1990 dicembre 23 Le tre cose da dire
1990 dicembre 23 – Le tre cose da dire
Sarà per la suggestione dei bilanci di fine anno; sarà per la confusione e i cento
depistaggi della politica italiana: fatto sta che si sente la necessità di ribadire anche
cose apparentemente scontate. Andreotti lo ha fatto, e non è stato un esercizio
inutile.
Come quando ricorda che il debito pubblico ci fa pagare ogni giorno 300 miliardi
di lire soltanto in interessi e che peraltro il nerbo dell’economia è rappresentato dai
medi operatori, quelli che garantiscono l’80% delle nostre esportazioni. Nel
leggere assieme questi due dati dissociati, tocchiamo con mano i pesi dello Stato e
la vitalità di un Paese, il grado della crescita e le persistenza dei freni. Poiché tutto
si lega, alla fine è il livello di giustizia sociale ad uscirne vulnerato, il lavoro a
risultare penalizzato.
«Cifre che spaventano» riguardano anche quella giustizia che determina la certezza
dei diritti, la sicurezza, l’essenziale confine tra legge e impunità. Il «gioco del
cerino acceso» sembra deresponsabilizzare a turno governo, magistratura, opinione
pubblica, quando proprio qui si misurano invece la credibilità e le garanzie di una
società ordinata.
Se alcune regioni meridionali d’Italia rappresentano oramai un’emergenza
europea, un fenomeno esteso a tutto il territorio nazionale richiede molto di più di
quanto possa dare da solo un qualsiasi governo: ci riferiamo alla saldatura tra
piccola e grande criminalità; alle scarse risorse destinate all’attività investigativa
sui flussi di denaro; all’intervento delle forze dell’ordine vergognosamente reso
vano da norme che – pur appellandosi alla retorica progressista – finiscono con il
piegare clamorosamente ogni valore sociale a un nuovo individualismo di massa.

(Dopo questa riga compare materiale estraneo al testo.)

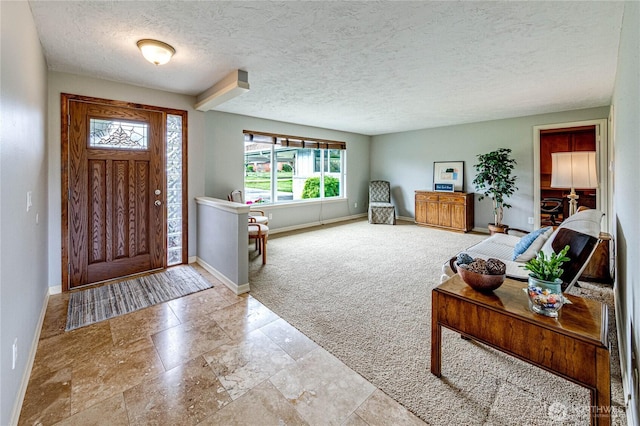 carpeted entrance foyer with baseboards and a textured ceiling
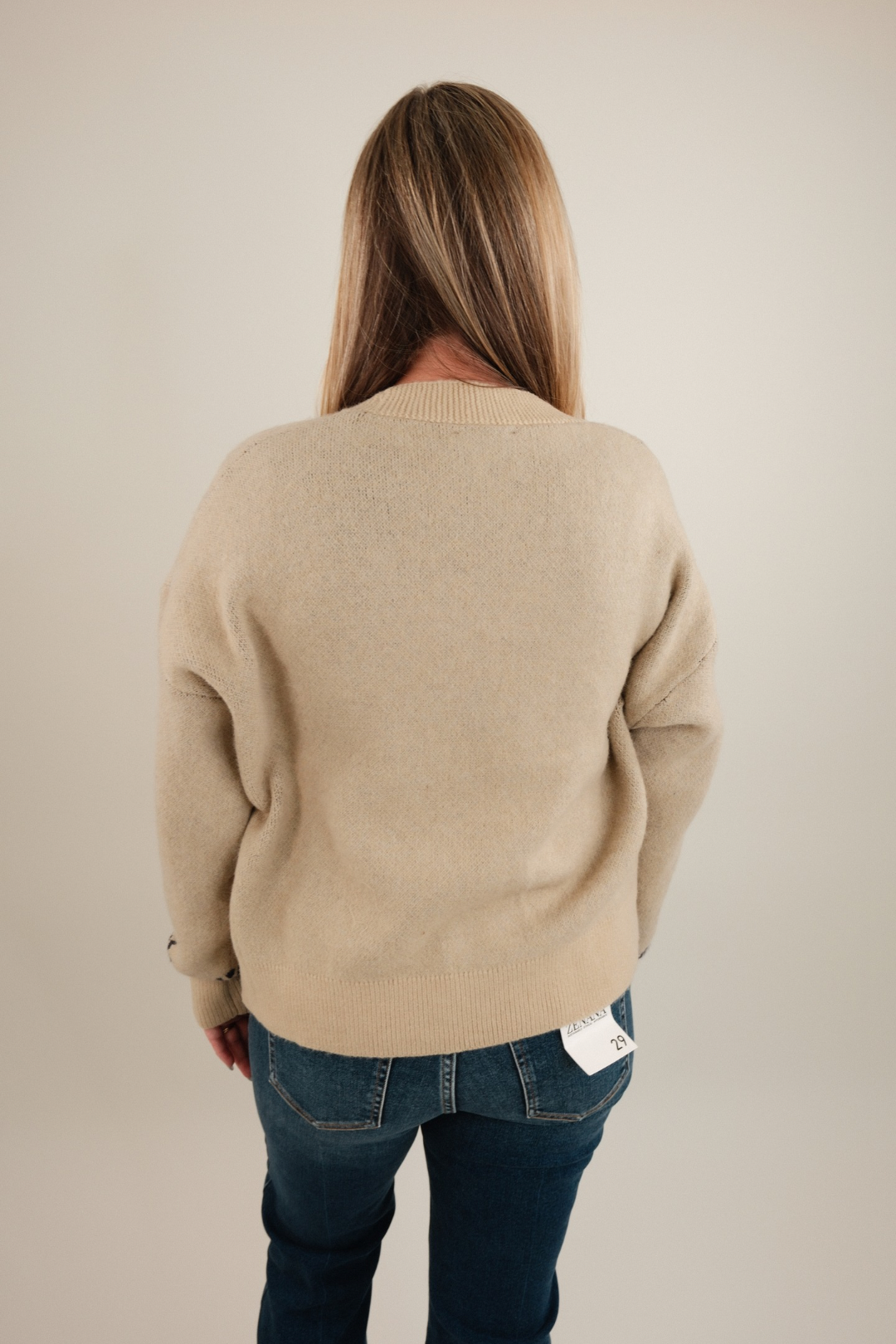 Back view of Starlight Mustang Cardigan, women’s beige knit cowgirl cardigan with bold galloping horse design.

Ancora una volta tutto si lega, se intendiamo le Istituzioni come un patrimonio dei
cittadini non come un bottino per bande. Su Gladio ci si attendeva da Andreotti un
affondo, non un dribbling: e Andreotti non ha deluso. Il Presidente del Consiglio
ha parlato come un Presidente della Repubblica fuori dalla mischia, avallando cose
importanti: che la magistratura fa bene a indagare; che con la magistratura si deve
collaborare; che se un apparato legittimo «è uscito fuori dal seminato» bisogna
precisare e colpire, anche perché in Italia è tutto più «duro» sullo sfondo di tante
stragi impunite.
Tra chi specula e chi occulta, mai come ora si avverte il bisogno di lucidità.